▼

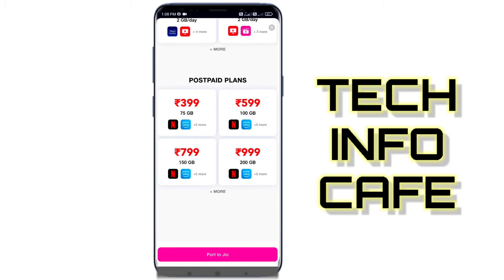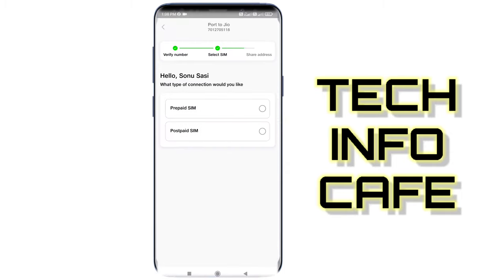I will select a postpaid plan. Then click on the Jio app. While the Jio app is still on a prepared SIM.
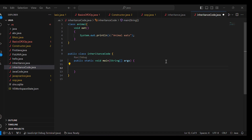In this example, I took an Animal class and then there is a main class which is called Inheritance. Now I will extend the child classes and show how Hierarchical Inheritance works.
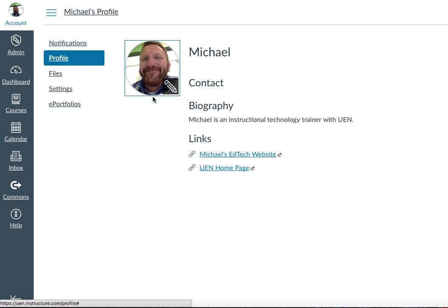So if you wouldn't mind adding your picture to your profile, I look forward to meeting you in person on Thursday. Thanks! And if you have any questions you can always email me — michael, M-I-C-H-A-E-L, at UEN dot org.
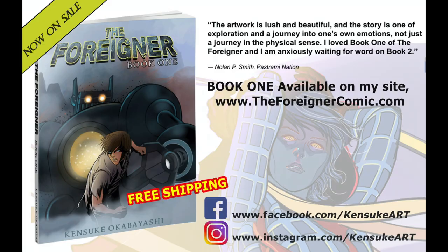Hey guys, be sure to check out my recent graphic novel, The Foreigner Book 102, now on sale on my website, kensukeart.com. Also, follow my Instagram at kensukeart for work updates before they hit my website.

▲

#### Your objective
Restate the data above word for word, so that the only difference is the missing pictures.

#### Result for this task
I will select a postpaid plan. Then click on the Jio app. While the Jio app is still on a prepared SIM.
In this example, I took an Animal class and then there is a main class which is called Inheritance. Now I will extend the child classes and show how Hierarchical Inheritance works.
So if you wouldn't mind adding your picture to your profile, I look forward to meeting you in person on Thursday. Thanks! And if you have any questions you can always email me — michael, M-I-C-H-A-E-L, at UEN dot org.
Hey guys, be sure to check out my recent graphic novel, The Foreigner Book 102, now on sale on my website, kensukeart.com. Also, follow my Instagram at kensukeart for work updates before they hit my website.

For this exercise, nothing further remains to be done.